**REQUIRED ACTION**
Where the line containing "Interior and Exterior" appears in the records below, begin there and output each line verbatim through the last line.

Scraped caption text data
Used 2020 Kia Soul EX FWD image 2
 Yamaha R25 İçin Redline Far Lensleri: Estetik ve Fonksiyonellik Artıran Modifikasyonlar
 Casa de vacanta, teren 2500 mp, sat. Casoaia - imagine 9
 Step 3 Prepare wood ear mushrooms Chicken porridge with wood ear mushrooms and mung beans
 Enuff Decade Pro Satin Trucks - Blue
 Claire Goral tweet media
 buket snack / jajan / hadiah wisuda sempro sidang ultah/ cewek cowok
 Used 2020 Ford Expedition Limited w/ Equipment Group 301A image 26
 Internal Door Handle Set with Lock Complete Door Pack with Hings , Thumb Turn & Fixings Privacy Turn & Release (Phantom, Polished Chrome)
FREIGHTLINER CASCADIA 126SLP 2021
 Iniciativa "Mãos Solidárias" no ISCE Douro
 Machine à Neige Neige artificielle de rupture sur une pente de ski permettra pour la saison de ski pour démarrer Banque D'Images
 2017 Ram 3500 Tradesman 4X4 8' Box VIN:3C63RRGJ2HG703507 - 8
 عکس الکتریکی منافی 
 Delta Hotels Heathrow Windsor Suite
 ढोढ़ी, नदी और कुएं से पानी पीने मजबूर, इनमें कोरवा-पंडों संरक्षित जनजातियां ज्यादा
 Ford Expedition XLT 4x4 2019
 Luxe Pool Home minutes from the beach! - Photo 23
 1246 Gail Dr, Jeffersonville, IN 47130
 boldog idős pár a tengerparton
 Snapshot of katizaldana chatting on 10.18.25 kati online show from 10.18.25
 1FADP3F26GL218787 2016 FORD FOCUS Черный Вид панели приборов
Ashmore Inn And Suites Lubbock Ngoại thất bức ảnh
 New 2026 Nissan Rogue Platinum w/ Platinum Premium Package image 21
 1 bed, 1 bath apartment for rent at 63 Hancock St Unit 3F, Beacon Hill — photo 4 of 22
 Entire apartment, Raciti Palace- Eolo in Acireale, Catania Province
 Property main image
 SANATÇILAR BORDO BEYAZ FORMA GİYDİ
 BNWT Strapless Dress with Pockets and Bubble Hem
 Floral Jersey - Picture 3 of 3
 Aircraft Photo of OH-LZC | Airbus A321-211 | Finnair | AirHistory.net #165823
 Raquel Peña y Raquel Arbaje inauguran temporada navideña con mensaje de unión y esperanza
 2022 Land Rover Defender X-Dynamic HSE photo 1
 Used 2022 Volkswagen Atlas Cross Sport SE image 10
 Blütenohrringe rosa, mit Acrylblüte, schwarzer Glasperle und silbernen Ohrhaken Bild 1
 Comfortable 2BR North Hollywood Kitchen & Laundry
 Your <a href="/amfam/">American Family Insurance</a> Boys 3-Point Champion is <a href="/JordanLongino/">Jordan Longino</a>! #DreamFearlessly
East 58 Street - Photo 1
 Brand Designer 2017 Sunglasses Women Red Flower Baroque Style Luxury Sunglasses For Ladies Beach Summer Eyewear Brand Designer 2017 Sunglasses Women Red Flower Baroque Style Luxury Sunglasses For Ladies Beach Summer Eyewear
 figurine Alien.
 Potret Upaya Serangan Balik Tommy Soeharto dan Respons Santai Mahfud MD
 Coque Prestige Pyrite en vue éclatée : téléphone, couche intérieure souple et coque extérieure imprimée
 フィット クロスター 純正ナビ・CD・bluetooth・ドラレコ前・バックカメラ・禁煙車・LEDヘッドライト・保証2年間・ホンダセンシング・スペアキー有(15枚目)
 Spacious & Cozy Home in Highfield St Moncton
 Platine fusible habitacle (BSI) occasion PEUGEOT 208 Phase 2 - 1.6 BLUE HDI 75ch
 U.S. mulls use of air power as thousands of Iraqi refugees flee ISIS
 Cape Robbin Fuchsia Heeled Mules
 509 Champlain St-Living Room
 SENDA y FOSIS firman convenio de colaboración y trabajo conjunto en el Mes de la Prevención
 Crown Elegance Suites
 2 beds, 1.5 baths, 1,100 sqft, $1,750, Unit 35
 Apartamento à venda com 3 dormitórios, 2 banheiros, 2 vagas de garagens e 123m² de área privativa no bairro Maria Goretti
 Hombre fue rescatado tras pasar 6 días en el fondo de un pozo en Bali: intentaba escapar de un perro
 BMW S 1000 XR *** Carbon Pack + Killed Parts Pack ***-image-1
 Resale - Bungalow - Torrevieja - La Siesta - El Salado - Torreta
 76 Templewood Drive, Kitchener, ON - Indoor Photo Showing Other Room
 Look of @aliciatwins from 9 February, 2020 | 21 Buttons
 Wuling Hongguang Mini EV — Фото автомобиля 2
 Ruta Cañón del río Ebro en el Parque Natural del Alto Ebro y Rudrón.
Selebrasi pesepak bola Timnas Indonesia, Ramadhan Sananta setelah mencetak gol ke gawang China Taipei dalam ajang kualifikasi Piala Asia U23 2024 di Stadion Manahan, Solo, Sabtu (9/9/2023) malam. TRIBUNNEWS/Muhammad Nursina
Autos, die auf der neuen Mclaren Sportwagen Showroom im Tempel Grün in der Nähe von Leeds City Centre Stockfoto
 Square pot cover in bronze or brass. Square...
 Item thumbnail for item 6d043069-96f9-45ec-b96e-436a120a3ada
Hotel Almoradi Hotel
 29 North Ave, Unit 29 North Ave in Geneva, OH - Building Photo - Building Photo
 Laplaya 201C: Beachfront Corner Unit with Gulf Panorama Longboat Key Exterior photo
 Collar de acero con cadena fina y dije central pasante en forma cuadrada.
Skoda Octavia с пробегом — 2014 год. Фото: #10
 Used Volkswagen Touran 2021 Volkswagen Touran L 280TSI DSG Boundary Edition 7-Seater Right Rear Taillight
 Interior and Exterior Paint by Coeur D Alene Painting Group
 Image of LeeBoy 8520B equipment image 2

**SOLUTION FOR THIS PROBLEM**
 Interior and Exterior Paint by Coeur D Alene Painting Group
 Image of LeeBoy 8520B equipment image 2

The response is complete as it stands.